ペマジールの安全性プロファイルは、過去の臨床試験で報告されている既知の特性と一致しており、新たな安全性の懸念は検出されなかった。

結論

これは、進行性FGFR2遺伝子再構成を有する胆管がんに対する標的療法として実施された、最大規模の無作為化第3相試験であった。初回治療としてのペマジールは、化学療法と比較してPFSの中央値の延長を示し、新たな安全性上の所見は認められなかった。 なお同論文は、2026年5月29日-6月2日、米国シカゴで開催された米国臨床腫瘍学会(ASCO)と同時にリリースされた。
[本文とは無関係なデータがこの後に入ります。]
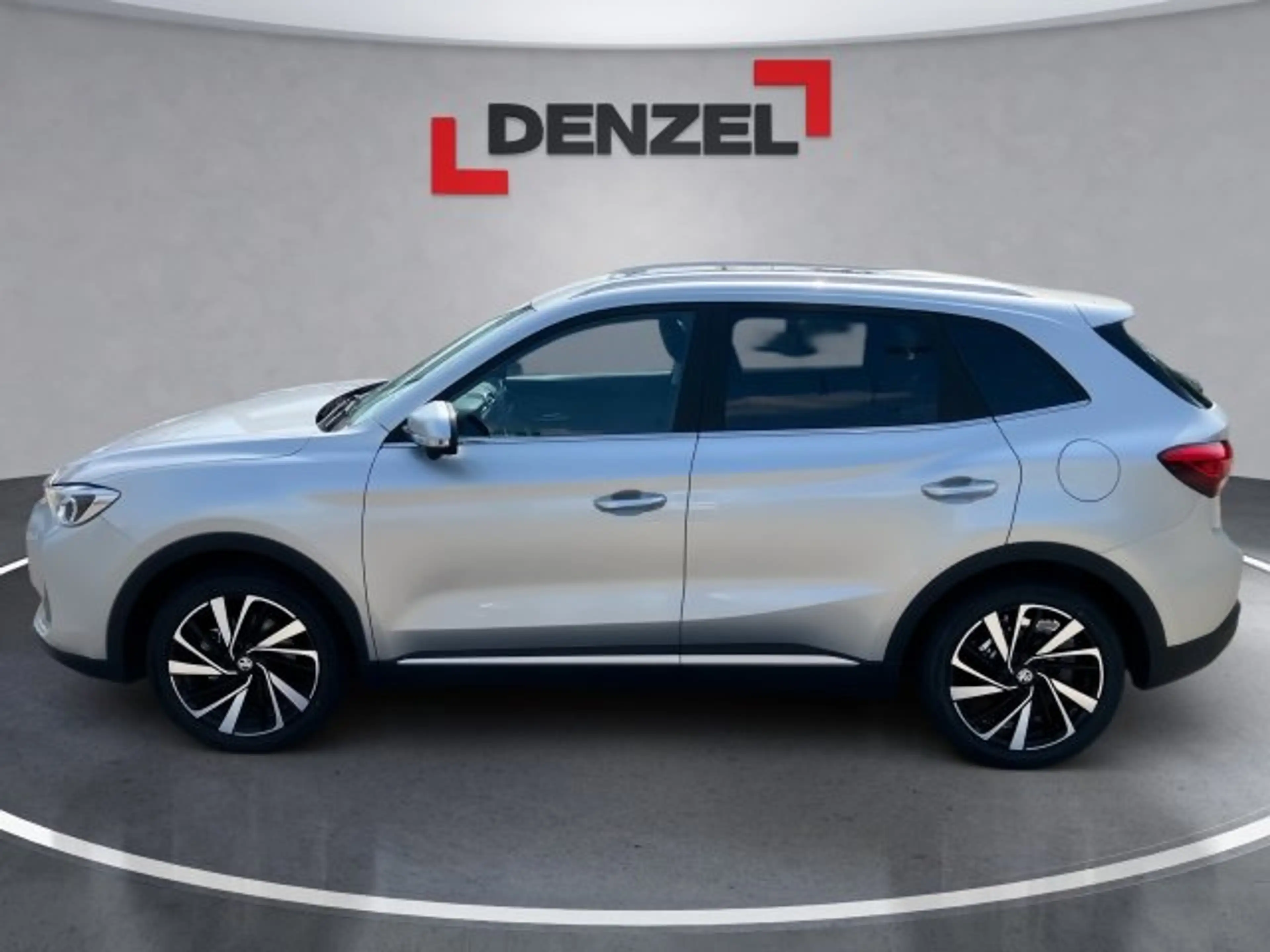 MG ZS HEV Luxury MY26 — photo 2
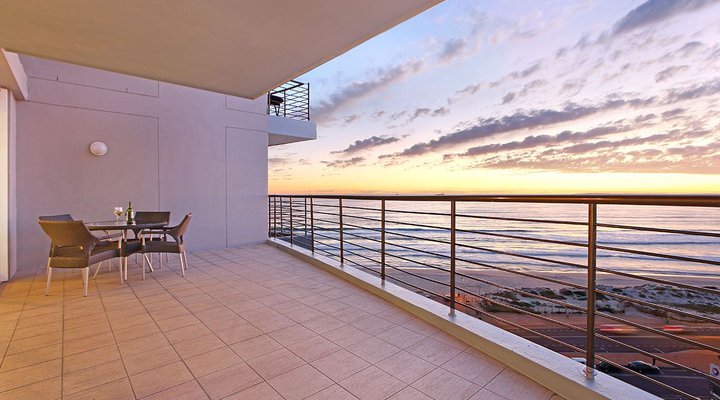 Horizon Bay 803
FIGHT-302試験は、標準治療の変更により早期に中止となったが、初回治療としてのペマジールの有効性および当該疾患における遺伝子検査の重要性を示唆するデータであった。 参照元: Pemigatinib for Unresectable or Metastatic Cholangiocarcinoma With Fibroblast Growth Factor Receptor-2 Rearrangement: Results From the Phase 3 FIGHT-302 Trial(J Clin Oncol 2026 doi: 10.1200/JCO-26-00788.)